(PROVIDED DATA begins)

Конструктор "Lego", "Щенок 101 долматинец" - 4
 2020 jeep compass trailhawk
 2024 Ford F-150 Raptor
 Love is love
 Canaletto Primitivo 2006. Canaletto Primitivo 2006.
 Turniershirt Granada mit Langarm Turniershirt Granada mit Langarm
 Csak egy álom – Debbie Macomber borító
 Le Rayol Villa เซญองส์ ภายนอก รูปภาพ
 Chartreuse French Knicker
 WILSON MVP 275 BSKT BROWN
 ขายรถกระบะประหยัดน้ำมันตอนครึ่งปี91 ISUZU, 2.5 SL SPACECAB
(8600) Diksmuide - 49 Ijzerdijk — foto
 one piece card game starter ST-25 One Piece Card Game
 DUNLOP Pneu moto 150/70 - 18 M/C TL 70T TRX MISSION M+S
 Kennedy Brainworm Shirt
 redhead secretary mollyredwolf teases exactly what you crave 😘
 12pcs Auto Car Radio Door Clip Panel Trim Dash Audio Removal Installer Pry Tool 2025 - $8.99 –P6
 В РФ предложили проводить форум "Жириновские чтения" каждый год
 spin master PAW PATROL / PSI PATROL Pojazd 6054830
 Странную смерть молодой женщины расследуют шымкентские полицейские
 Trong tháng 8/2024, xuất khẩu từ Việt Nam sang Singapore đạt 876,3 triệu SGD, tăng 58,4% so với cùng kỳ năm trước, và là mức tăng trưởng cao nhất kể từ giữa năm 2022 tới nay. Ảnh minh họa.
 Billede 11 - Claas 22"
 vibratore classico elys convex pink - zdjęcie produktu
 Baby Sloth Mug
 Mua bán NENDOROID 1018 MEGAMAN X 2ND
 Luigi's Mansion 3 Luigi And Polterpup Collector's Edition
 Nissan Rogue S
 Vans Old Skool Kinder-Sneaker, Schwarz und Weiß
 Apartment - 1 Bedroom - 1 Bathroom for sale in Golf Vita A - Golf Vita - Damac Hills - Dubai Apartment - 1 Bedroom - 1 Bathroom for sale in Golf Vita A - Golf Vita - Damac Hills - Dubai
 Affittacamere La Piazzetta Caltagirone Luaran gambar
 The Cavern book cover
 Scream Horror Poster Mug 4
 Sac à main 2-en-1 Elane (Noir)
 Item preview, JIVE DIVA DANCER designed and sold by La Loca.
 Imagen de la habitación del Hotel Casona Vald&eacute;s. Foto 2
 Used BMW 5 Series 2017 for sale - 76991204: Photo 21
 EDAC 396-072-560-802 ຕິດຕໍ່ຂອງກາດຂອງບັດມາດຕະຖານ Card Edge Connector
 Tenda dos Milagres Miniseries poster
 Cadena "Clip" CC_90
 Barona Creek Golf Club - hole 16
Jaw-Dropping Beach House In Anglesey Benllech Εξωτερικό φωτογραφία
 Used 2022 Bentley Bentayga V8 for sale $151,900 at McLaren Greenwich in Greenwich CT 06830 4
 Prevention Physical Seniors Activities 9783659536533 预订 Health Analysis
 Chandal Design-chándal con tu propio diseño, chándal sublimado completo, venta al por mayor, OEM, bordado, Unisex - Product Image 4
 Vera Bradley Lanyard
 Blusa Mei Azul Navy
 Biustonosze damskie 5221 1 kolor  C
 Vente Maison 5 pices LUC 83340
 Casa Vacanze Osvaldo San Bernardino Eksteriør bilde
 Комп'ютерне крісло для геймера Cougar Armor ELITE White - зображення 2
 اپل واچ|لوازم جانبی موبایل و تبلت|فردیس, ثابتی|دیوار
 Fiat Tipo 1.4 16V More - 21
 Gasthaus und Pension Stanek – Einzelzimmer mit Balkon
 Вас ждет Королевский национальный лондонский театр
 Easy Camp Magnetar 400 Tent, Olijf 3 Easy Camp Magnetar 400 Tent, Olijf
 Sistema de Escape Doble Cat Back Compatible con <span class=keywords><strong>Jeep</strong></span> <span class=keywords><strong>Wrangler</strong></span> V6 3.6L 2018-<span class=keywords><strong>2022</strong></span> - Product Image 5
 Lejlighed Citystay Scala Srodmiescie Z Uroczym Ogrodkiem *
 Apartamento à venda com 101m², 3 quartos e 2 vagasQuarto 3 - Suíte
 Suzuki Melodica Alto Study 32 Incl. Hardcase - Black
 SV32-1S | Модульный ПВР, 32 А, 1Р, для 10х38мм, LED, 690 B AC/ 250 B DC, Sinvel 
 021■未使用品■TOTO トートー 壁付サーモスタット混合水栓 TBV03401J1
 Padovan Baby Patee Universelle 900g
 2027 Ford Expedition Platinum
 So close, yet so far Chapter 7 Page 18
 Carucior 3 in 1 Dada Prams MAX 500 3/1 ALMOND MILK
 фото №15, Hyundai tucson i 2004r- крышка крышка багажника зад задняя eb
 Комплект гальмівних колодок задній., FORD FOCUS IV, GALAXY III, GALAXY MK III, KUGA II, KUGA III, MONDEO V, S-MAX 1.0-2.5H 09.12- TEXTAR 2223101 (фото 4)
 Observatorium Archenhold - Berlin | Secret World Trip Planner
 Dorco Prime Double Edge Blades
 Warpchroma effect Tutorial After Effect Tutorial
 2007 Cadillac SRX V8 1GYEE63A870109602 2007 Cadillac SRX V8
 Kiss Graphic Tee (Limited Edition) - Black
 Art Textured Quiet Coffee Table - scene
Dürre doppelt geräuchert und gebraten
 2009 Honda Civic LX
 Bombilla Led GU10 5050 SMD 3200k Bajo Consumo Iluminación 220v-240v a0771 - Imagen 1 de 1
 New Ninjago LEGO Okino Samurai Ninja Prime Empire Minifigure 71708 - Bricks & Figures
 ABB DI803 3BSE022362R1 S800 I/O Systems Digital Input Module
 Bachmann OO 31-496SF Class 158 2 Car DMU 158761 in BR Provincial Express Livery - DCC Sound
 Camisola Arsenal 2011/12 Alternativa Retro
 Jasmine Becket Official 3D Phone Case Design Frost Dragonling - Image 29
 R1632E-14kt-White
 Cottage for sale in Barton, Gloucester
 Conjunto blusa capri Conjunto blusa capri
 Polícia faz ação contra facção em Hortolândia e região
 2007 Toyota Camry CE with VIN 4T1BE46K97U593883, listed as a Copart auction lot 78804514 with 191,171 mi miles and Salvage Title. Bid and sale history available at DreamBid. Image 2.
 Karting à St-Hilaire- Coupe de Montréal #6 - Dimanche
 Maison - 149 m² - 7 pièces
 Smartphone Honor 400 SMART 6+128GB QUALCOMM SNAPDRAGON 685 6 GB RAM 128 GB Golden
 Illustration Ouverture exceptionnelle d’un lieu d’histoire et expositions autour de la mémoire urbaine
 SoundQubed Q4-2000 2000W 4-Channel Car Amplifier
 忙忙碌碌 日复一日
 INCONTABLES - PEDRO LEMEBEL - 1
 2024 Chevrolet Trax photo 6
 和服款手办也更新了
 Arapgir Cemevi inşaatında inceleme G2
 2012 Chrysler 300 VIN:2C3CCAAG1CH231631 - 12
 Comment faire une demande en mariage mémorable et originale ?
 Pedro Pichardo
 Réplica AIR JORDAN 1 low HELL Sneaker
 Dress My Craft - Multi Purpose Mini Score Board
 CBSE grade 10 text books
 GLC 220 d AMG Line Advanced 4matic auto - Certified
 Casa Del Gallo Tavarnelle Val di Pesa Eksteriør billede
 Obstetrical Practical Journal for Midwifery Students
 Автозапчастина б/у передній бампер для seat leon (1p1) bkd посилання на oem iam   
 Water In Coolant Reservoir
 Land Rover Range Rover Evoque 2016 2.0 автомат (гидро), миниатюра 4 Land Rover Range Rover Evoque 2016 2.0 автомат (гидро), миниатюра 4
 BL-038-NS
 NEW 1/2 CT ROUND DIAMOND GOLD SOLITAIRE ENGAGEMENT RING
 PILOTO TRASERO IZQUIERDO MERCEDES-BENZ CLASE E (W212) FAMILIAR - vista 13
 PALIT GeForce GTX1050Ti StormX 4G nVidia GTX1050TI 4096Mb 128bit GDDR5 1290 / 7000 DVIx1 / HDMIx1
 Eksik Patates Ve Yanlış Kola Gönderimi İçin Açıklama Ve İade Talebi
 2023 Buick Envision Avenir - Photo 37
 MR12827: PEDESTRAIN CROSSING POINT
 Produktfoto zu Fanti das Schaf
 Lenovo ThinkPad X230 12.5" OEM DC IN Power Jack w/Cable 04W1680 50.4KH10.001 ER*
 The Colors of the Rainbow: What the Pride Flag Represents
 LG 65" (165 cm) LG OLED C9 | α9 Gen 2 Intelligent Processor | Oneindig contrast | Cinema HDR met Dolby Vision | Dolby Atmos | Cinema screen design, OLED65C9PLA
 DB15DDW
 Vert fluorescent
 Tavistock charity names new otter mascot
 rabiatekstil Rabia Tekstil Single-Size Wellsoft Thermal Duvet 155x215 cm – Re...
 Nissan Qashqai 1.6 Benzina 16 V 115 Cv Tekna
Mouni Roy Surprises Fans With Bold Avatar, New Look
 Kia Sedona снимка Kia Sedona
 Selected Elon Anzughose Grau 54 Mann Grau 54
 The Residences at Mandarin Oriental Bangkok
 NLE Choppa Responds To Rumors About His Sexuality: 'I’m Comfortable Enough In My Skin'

(PROVIDED DATA ends)

From the records above, transcribe without alteration every line from the one with "vibratore classico elys" to the one with "Vans Old Skool", inclusive.

 vibratore classico elys convex pink - zdjęcie produktu
 Baby Sloth Mug
 Mua bán NENDOROID 1018 MEGAMAN X 2ND
 Luigi's Mansion 3 Luigi And Polterpup Collector's Edition
 Nissan Rogue S
 Vans Old Skool Kinder-Sneaker, Schwarz und Weiß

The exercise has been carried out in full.